This is where people “miss” it. Solaris and IRIX are in
practical terms as different as Solaris and NT. They aren’t
intended to be fully compatible. When I look at the Mozilla source,
I see code specific to Windows, Linux, Mac, BeOS, and OS/2. I could
very well say that the desktop computer market is fragmented, with
more evidence than the Unix/Server market. The Unix/Server market
is cognate, not intended to all be identical.

You say that you can compile NT and it works on Intel and Alpha.
This is not a good analogy to compare to, say, Oracle running on
multiple server platforms. NT is NT no matter what chip it runs on.
NT will never be OS/2, or Mac, or anything else.

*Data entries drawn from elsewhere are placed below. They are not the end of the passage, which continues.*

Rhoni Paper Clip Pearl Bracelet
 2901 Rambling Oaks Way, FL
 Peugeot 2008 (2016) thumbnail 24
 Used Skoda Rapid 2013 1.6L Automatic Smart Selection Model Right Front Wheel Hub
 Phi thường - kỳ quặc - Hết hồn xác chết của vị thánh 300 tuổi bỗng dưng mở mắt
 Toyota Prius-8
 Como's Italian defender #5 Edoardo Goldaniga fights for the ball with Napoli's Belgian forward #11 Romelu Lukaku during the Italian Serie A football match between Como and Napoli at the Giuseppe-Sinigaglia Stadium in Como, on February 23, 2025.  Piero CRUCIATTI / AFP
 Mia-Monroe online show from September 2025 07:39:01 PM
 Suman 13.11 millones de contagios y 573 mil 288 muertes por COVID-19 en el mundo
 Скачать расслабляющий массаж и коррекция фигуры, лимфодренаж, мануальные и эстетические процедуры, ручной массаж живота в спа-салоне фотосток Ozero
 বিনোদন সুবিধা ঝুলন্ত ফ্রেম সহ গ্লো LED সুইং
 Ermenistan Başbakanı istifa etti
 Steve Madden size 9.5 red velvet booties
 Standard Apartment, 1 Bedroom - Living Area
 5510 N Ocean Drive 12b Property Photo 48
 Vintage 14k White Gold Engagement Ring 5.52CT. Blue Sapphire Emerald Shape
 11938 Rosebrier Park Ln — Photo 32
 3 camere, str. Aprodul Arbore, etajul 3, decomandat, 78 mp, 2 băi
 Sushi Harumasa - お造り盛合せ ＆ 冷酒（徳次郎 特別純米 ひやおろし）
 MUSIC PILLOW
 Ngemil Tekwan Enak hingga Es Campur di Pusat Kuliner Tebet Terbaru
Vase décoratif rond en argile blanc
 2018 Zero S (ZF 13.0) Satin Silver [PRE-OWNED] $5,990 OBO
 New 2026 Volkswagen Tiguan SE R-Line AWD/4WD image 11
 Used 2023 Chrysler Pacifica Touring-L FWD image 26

Solaris now runs
on Sparc and Intel chips. Compare the ease of recompiling Solaris
apps for sparc and Intel, and NT for Intel and Alpha. Although I
have no experience I am confirming with a friend the differences
with Solaris on Sparc and Intel. I would seriously be surprised if
there are any.

Similar does not mean bad. It does not mean a carbon copy. I see
it as a good thing that the companies choose to base their OS’s off
of a common beginning. Each company has a strength that the other
companies don’t. By being similar, and not different like the
desktop market it provides a greater ease to porting software to
multiple platforms.

Wanting even greater uniformity in the server market, the Posix
standard was born. The Posix standard provides a common framework
across multiple OS’s. This is not an acknowledgement that the
server market was somehow “fragmented” before, but a continuing
innovation in the value that the server market provides. As far as
being fragmented over the Posix standard, which is a valid concern,
which OS’s do not support POSIX.1 right now? Okay, so NT does pay
lip service to POSIX.1, but for just one example of what this
means, check out what CAI had to say about porting
their application to NT. Because Microsoft wants to compete in the
server market, I would say that this lack is a fragmentation of the
server market. I guess that the question should be, if there is a
fragment in the market, which side should you choose? The side that
fragments to keep market share, or the side that decides to provide
value and real innovation to the customer.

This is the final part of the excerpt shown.